=== Begin Enclosure ===
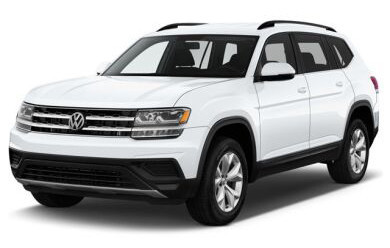 Auto Fußmatten Volkswagen Atlas (2016-2020)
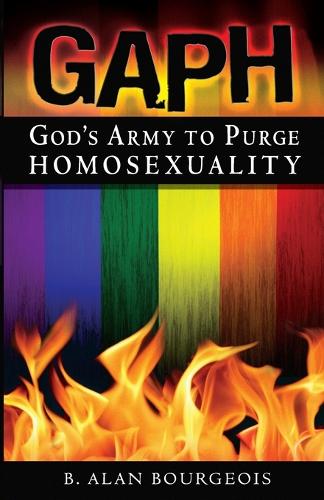 God's Army to Purge Homosexuality (Paperback)
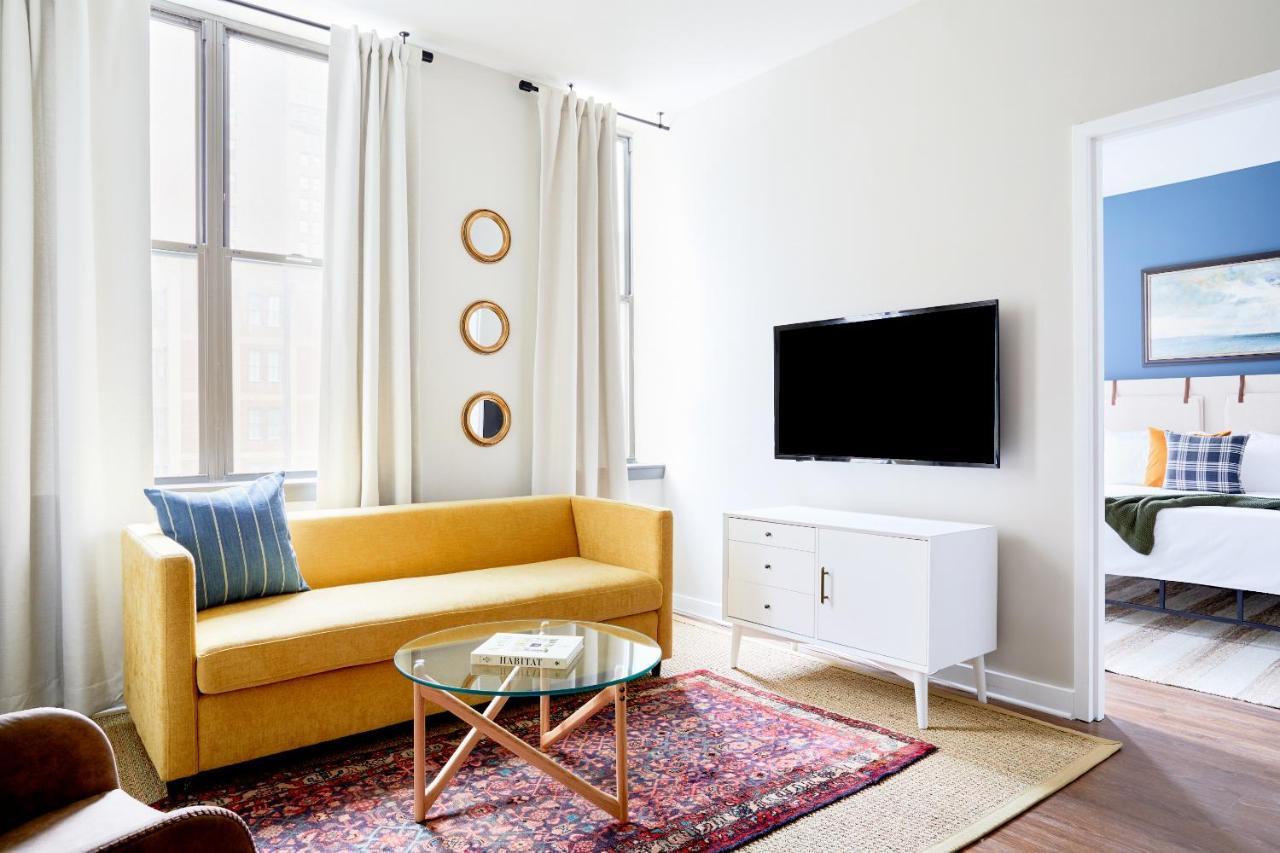Sonder Liberty Place Philadelphia Zimmer foto
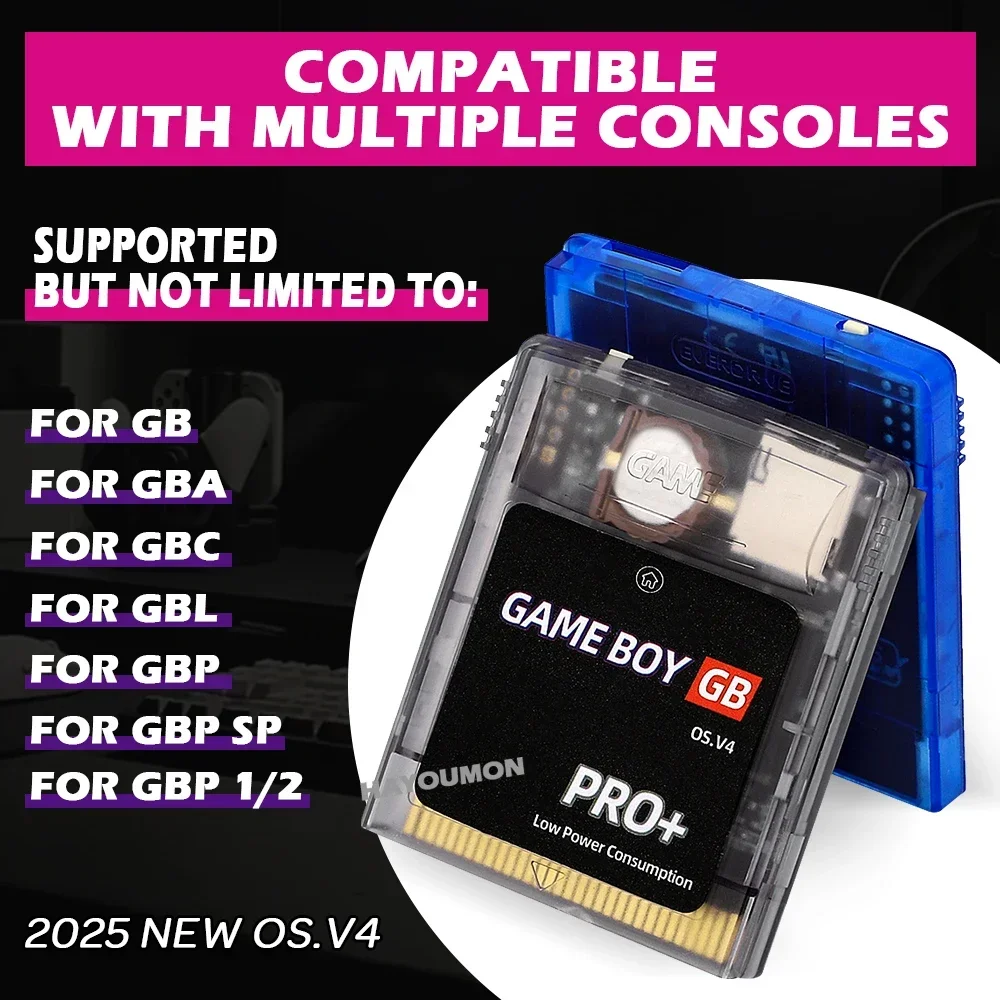 2026 For GB GBC GBA Game Conso - Gaming Console Os 评论和价格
=== End Enclosure ===
_Exercise instructions_
Please return only the lines from the one holding "God's Army to" through the end of the data, both ends included; do not copy any pictures.

_Your solution_
 God's Army to Purge Homosexuality (Paperback)
Sonder Liberty Place Philadelphia Zimmer foto
 2026 For GB GBC GBA Game Conso - Gaming Console Os 评论和价格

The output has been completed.